** The data follows **

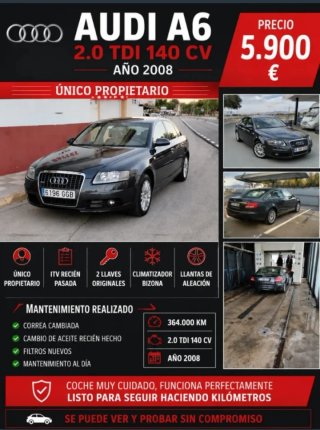 Audi A6 2008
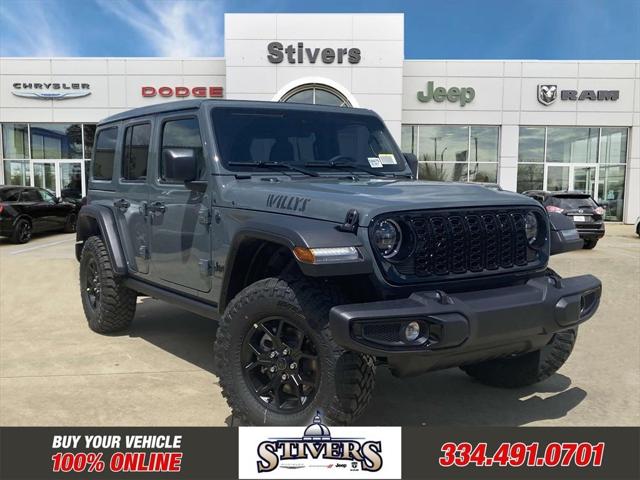 2025 Jeep Wrangler WRANGLER 4-DOOR WILLYS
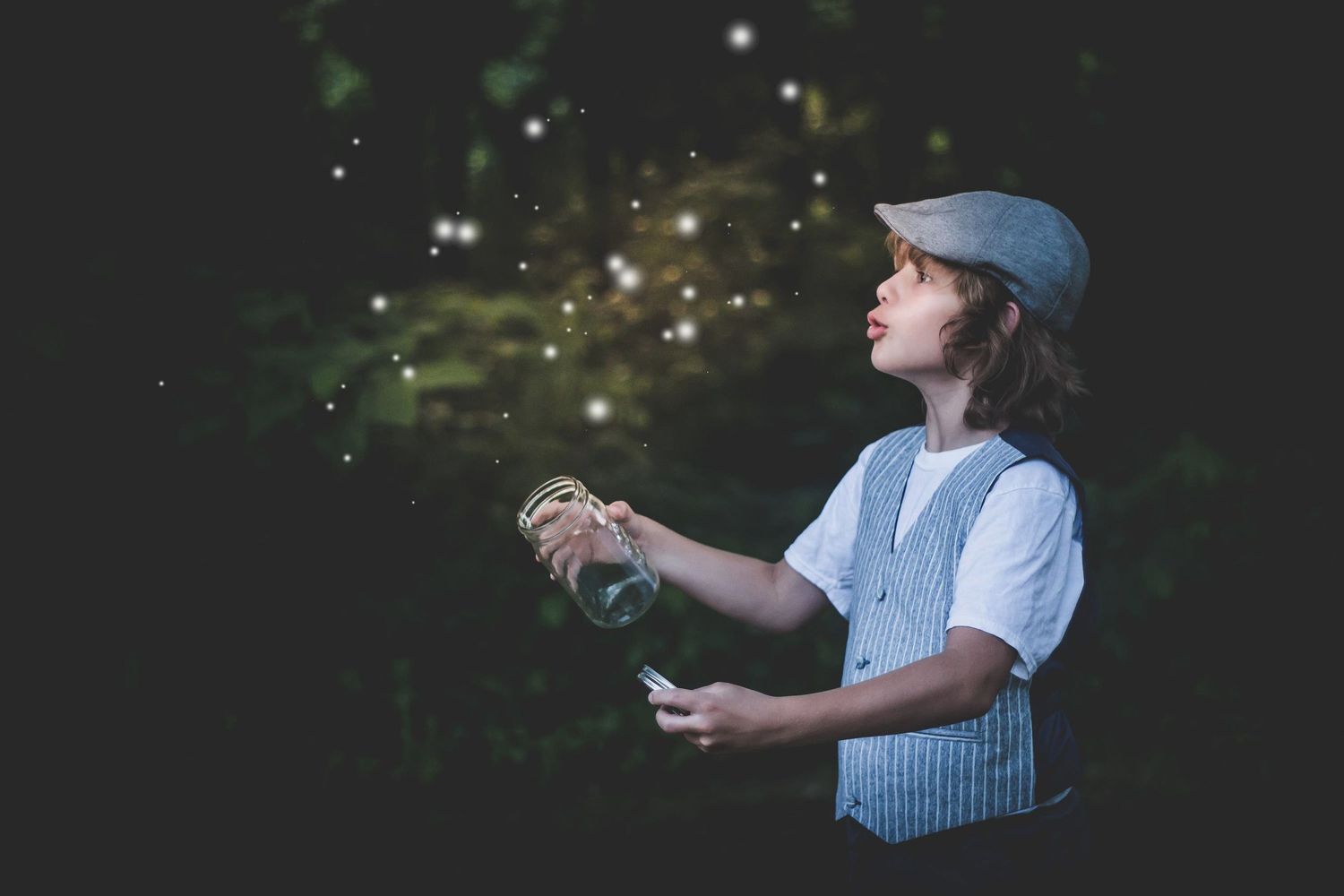 capturing light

** End of The data **

With pictures omitted, reproduce exactly the lines from the line containing "2025 Jeep Wrangler WRANGLER 4-DOOR WILLYS" through the end of the data above.

 2025 Jeep Wrangler WRANGLER 4-DOOR WILLYS
 capturing light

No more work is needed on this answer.